Federal Court Dismisses Class Action Lawsuit Against Marketing Email Tracking Pixels
Class Action Lawsuit Over Marketing Email Tracking Pixels Dismissed by Federal Court
In a recent decision by the U.S. District Court in Arizona, a lawsuit against Pacific Sunwear of California (PacSun) regarding the use of email tracking pixels was dismissed, marking a significant moment for email marketers. This ruling contributes to a series of similar decisions across multiple states suggesting that Arizona’s Telephone, Utility, and Communication Service Records Act (TUCSRA) does not apply to email marketing practices, potentially establishing a prevalent trend in the legal landscape.

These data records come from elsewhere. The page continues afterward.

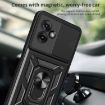 Motorola Moto G55 Phone Case Silver - Sliding Camera Cover TPU+PC Design - 6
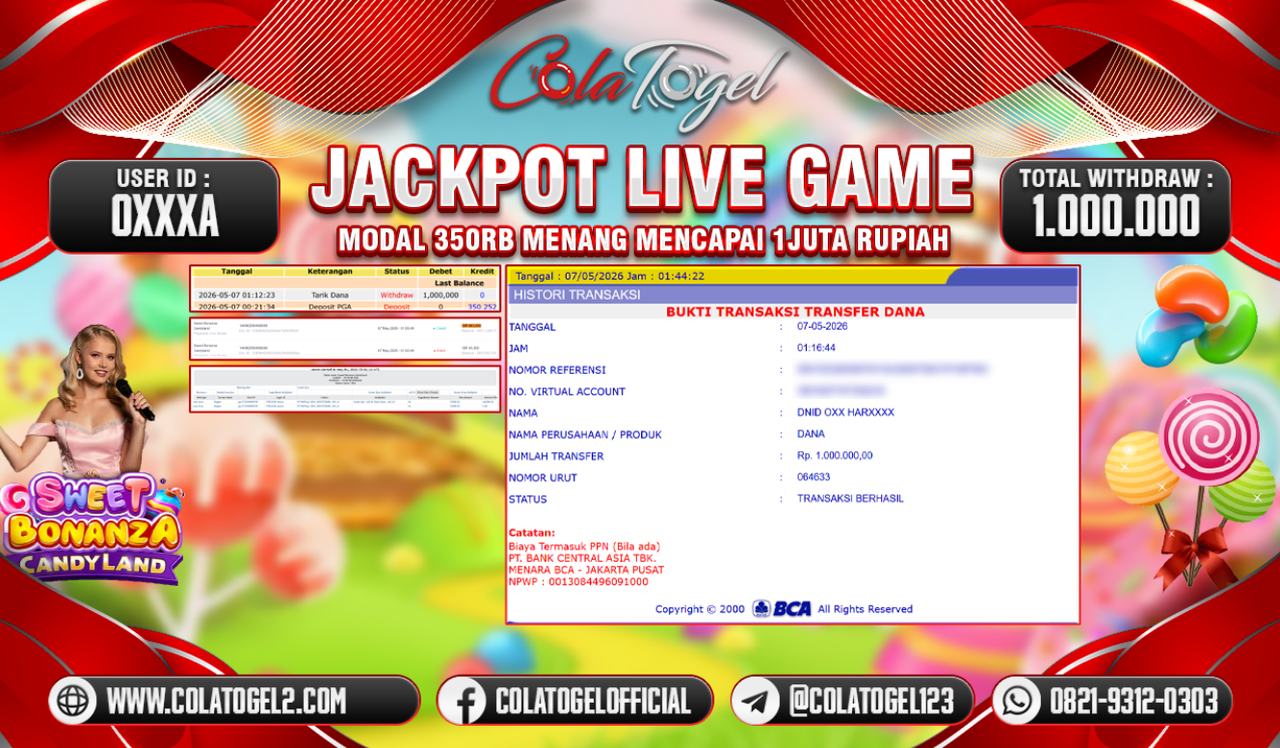 JACKPOT LIVE GAME!!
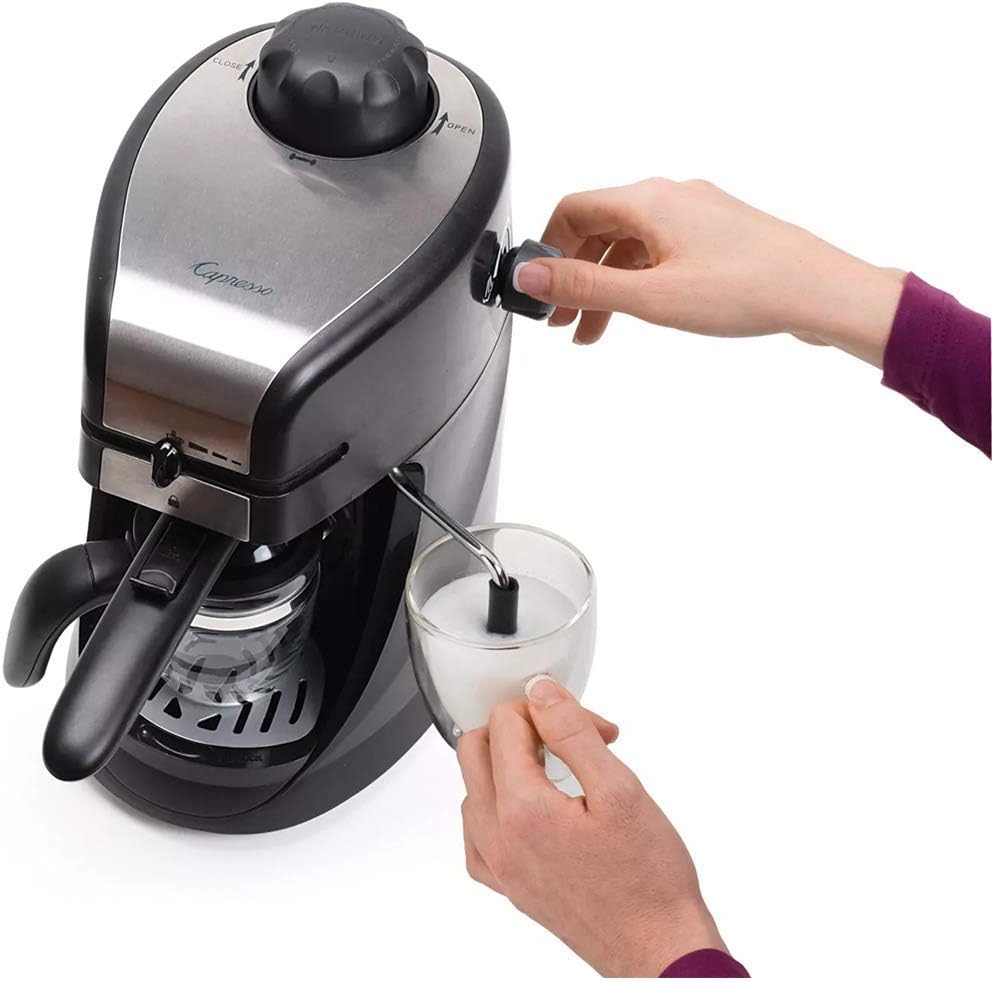 Capresso 303.01 4-Cup Espresso and Cappuccino Machine Black 13.25" x 7.5" x 9.75"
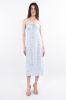 Vestido midi busto fruncido moñito sold by Shasa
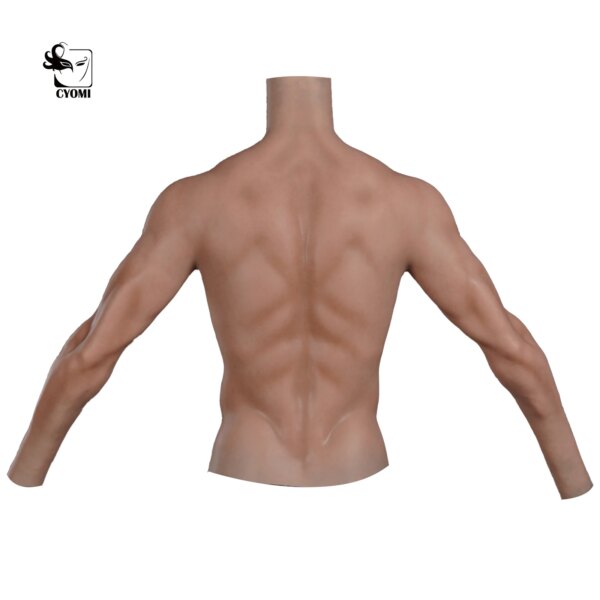 Cyomi-Combinaison de Faux Corps en Silicone Imbibé de Muscles Artificiels pour Homme, Simulation de Ventre Réaliste avec Bras pour Travesti – Image 5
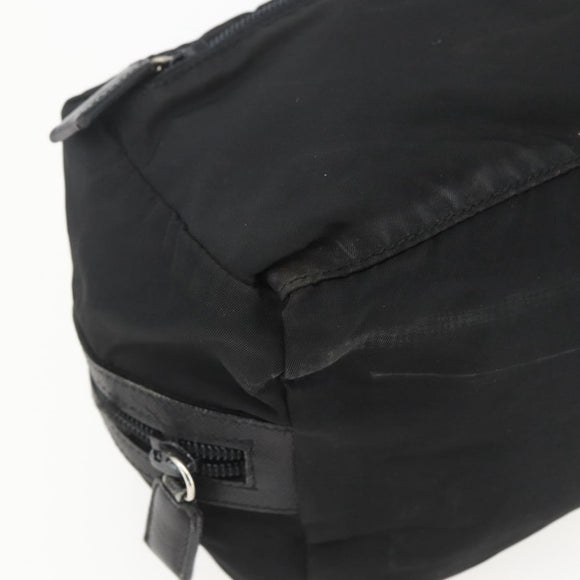 PRADA Pouch Nylon Leather Black Auth bs31961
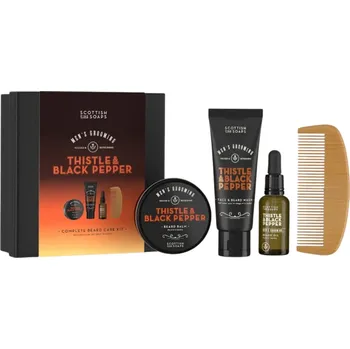 Kosmetická sada SCOTTISH FINE SOAPS Dárková sada s péči o vousy Thistle & Black Pepper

Over the past couple of years, there has been a surge in lawsuits aimed at companies utilizing marketing pixels, software snippets that can track individuals across different websites. In Arizona, the focus of such litigations has been primarily on email pixels—a tool embedded in marketing emails to provide marketers with insights on email engagement. These cases have been primarily centered around TUCSRA.
Introduced in 2007, TUCSRA prohibits the acquisition of public utility, telephone, or communication service records of any state resident without consent. The Act extends to anyone, permitting damages of no less than one thousand dollars per violation. The lawsuit against PacSun alleged that hidden spy pixel trackers within PacSun’s marketing emails captured recipient information without permission, including email open rates, IP addresses, and link click activity. The plaintiff sought to form a class action including all Arizona residents who had interacted with PacSun’s emails.
After PacSun failed to dismiss the lawsuit on jurisdictional grounds, a motion for judgment on the pleadings argued that TUCSRA did not apply to PacSun or the data it collected. In the court’s decision on April 16, 2025, it declared that PacSun, as a retailer using email for marketing, was not considered a communication service provider under TUCSRA. Furthermore, the information gathered through PacSun’s tracking pixels did not fall under the category of communication service records safeguarded by TUCSRA, leading to a judgment in favor of PacSun.
This ruling serves to clarify the extent of TUCSRA’s applicability, which has seen limited interpretation until recently. While a growing number of trial courts have rejected TUCSRA claims against email marketers, appellate court rulings are still pending. Until appellate courts provide binding precedents, differing interpretations and outcomes remain possible on TUCSRA cases involving email tracking pixels.
Despite the recent rulings in favor of defendants in TUCSRA cases, courts have varied in their rationale for dismissal, raising issues related to jurisdiction, preemption, and the interpretation of the statute. PacSun’s victory in the Arizona federal court may discourage future TUCSRA claims, yet the absence of appellate authority leaves room for further legal debates on this matter.